▸ RECORDED DATA:

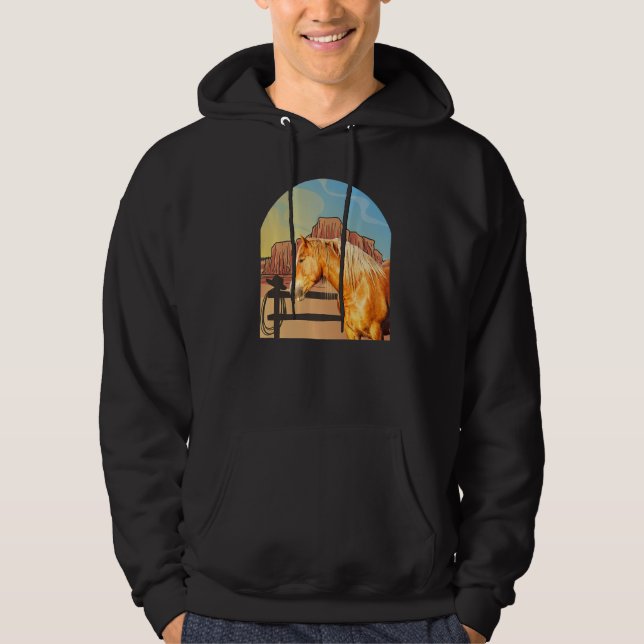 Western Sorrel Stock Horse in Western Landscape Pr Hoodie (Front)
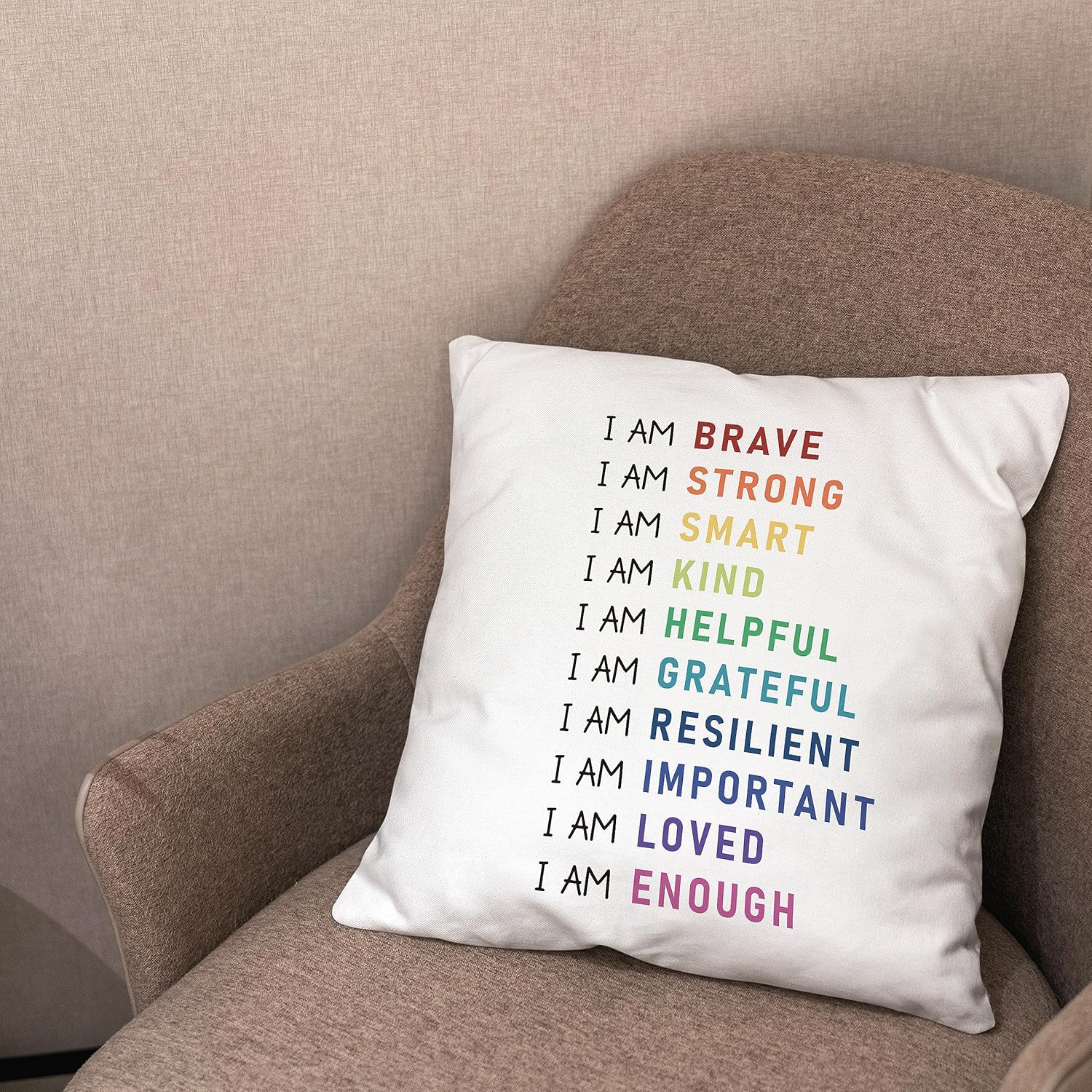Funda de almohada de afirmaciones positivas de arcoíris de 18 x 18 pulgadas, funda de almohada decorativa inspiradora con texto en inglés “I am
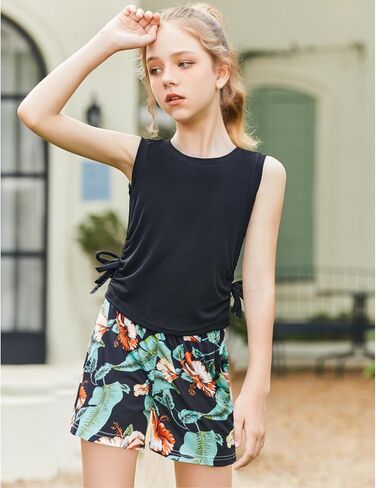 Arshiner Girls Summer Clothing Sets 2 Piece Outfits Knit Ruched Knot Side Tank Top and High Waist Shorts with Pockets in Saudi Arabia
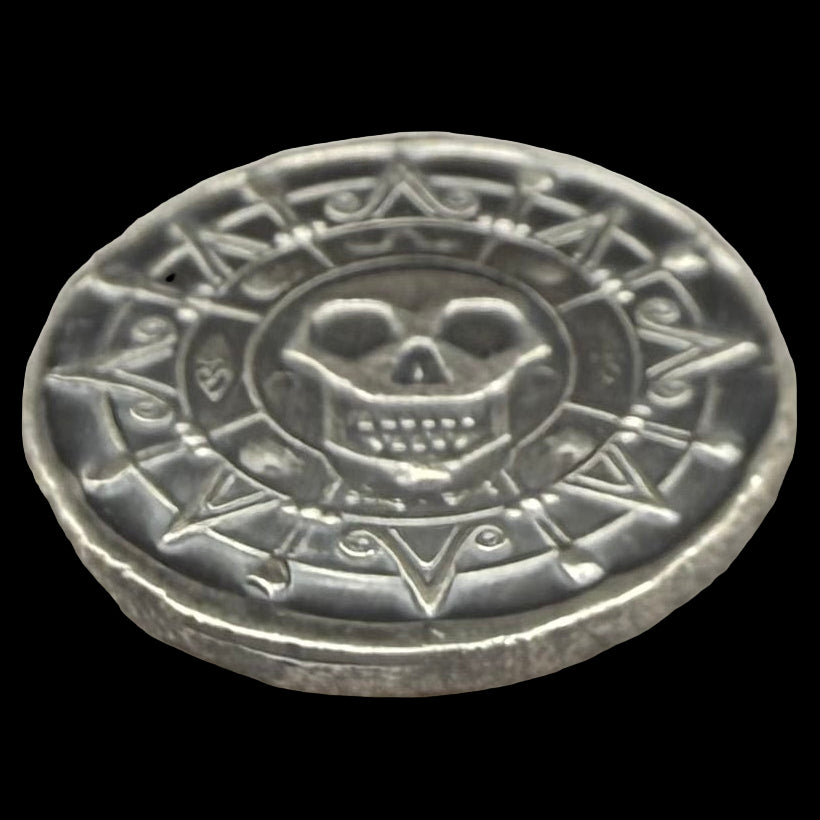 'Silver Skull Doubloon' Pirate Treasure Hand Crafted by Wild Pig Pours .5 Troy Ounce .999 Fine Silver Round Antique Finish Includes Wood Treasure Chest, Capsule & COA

▸ BRIEF:
Exact repetition of the material above is required, with the images removed.

▸ EXPECTED ANSWER:
 Western Sorrel Stock Horse in Western Landscape Pr Hoodie (Front)
Funda de almohada de afirmaciones positivas de arcoíris de 18 x 18 pulgadas, funda de almohada decorativa inspiradora con texto en inglés “I am
 Arshiner Girls Summer Clothing Sets 2 Piece Outfits Knit Ruched Knot Side Tank Top and High Waist Shorts with Pockets in Saudi Arabia
 'Silver Skull Doubloon' Pirate Treasure Hand Crafted by Wild Pig Pours .5 Troy Ounce .999 Fine Silver Round Antique Finish Includes Wood Treasure Chest, Capsule & COA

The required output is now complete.